▶ _ABOUT THIS EXERCISE_: What's wanted here is the full listing below, repeated exactly, with no images in it.

▶ _DATA PROVIDED_:
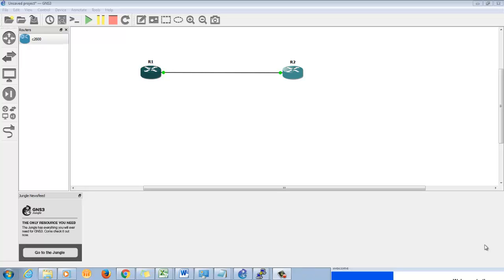Hello friends, I'm Ashish, your instructor for this course. Welcome to this promotional video. In this video we'll talk about basic configuration of two routers connected next to each other over Ethernet links, and then we'll see how we can make use of the CDP neighbor command to get more information about the neighbor.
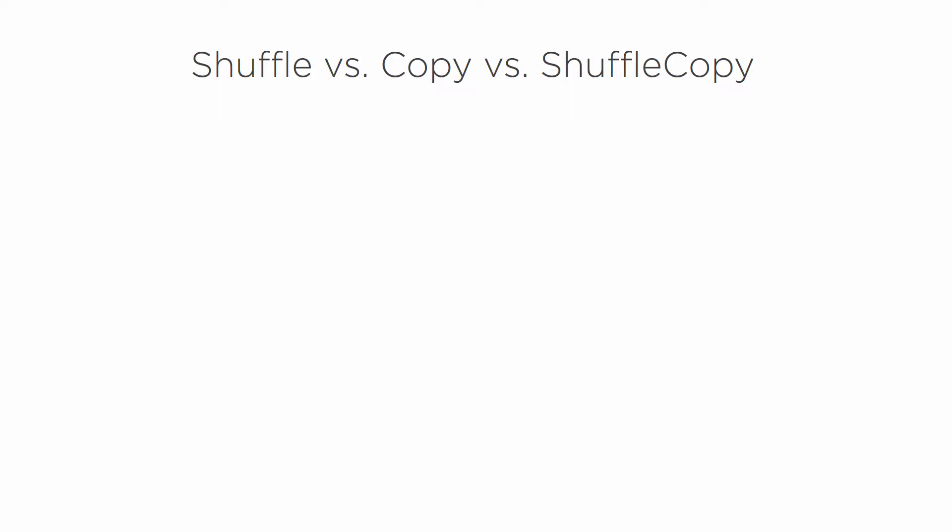In this clip, we're going to learn about the shuffle node. I have all the names of the nodes up here that you use in multi-channel workflow situations. We'll be starting off each clip with a little bit of an overview of what each of these is about, and then at the end we'll kind of see them all together.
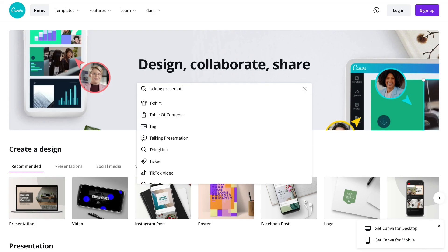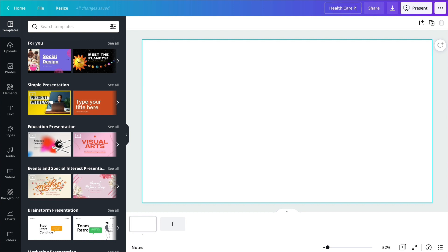Begin by searching for a presentation, then choose a template to start inspired.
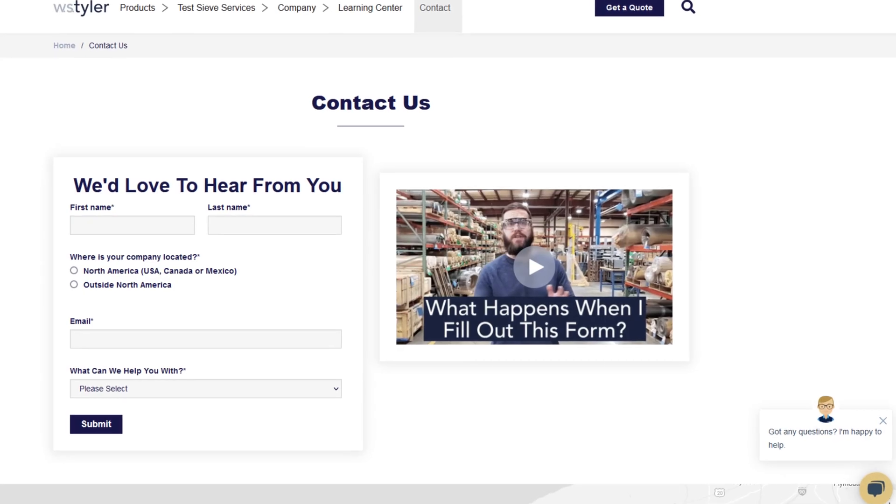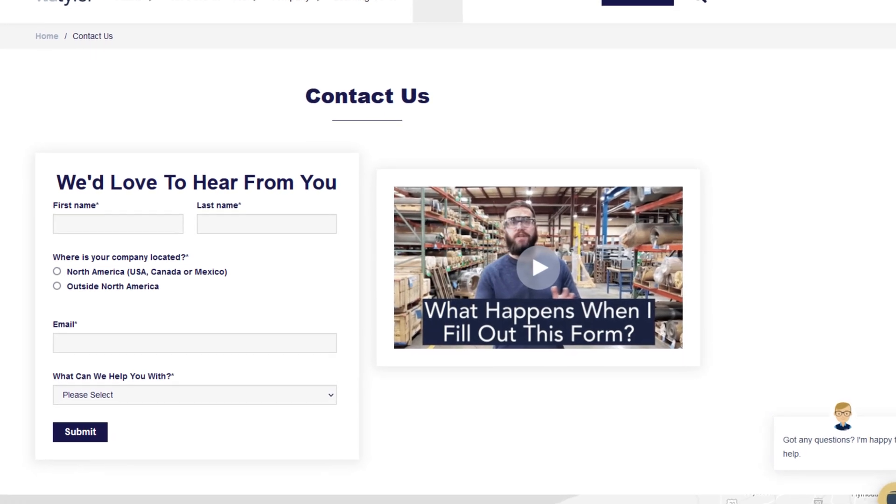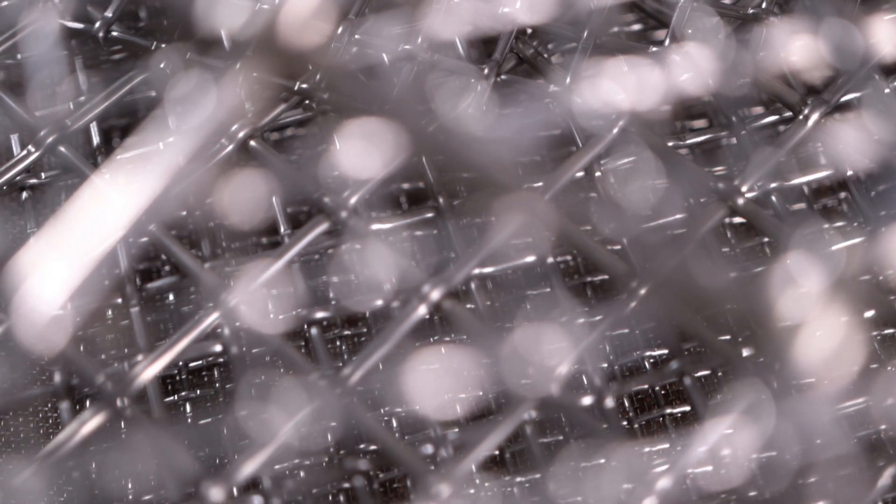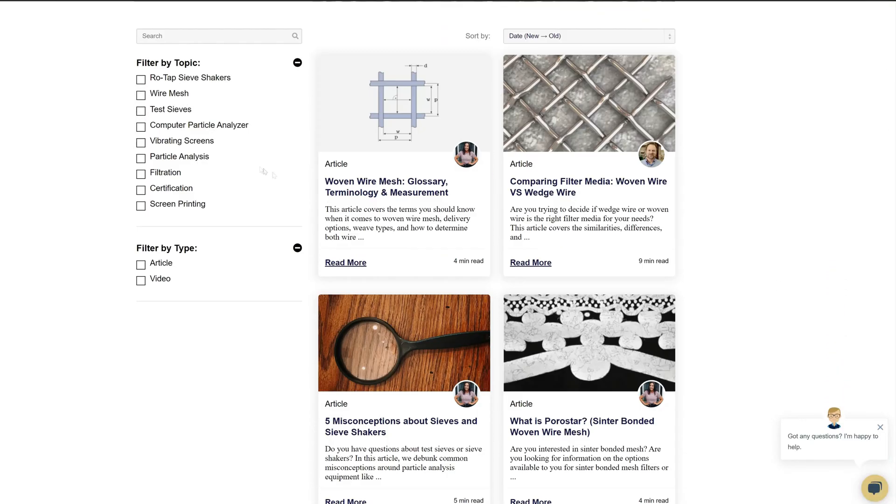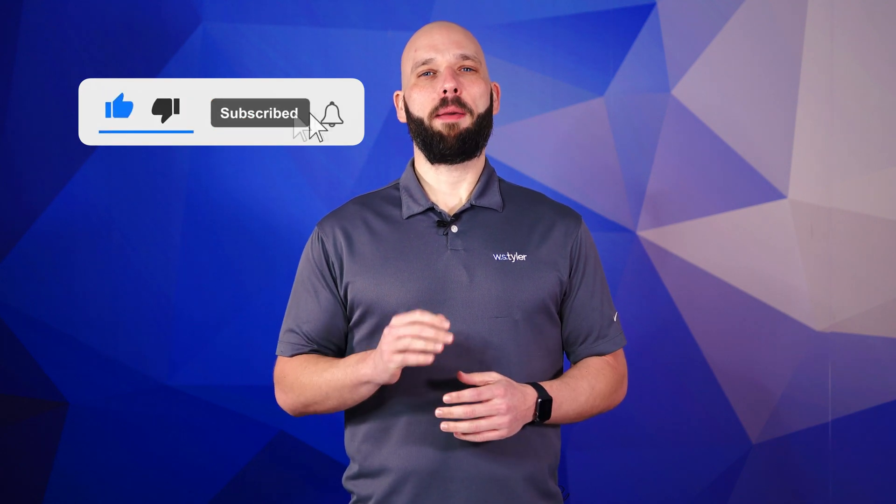Thanks so much for watching. If you have any questions, fill out a contact us form so we can answer your specific questions — just click the link below in the description. And if you'd like to learn more about woven wire mesh and our many products, we have a learning center filled with written and video content to make you an expert. Just click the second link. And don't forget to click the subscribe button and ring that bell to keep up with all things WS Tyler. My name is Eric Himes and I'll see you in the next video. Bye for now.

▶ _RESULT_:
Hello friends, I'm Ashish, your instructor for this course. Welcome to this promotional video. In this video we'll talk about basic configuration of two routers connected next to each other over Ethernet links, and then we'll see how we can make use of the CDP neighbor command to get more information about the neighbor.
In this clip, we're going to learn about the shuffle node. I have all the names of the nodes up here that you use in multi-channel workflow situations. We'll be starting off each clip with a little bit of an overview of what each of these is about, and then at the end we'll kind of see them all together.
Begin by searching for a presentation, then choose a template to start inspired.
Thanks so much for watching. If you have any questions, fill out a contact us form so we can answer your specific questions — just click the link below in the description. And if you'd like to learn more about woven wire mesh and our many products, we have a learning center filled with written and video content to make you an expert. Just click the second link. And don't forget to click the subscribe button and ring that bell to keep up with all things WS Tyler. My name is Eric Himes and I'll see you in the next video. Bye for now.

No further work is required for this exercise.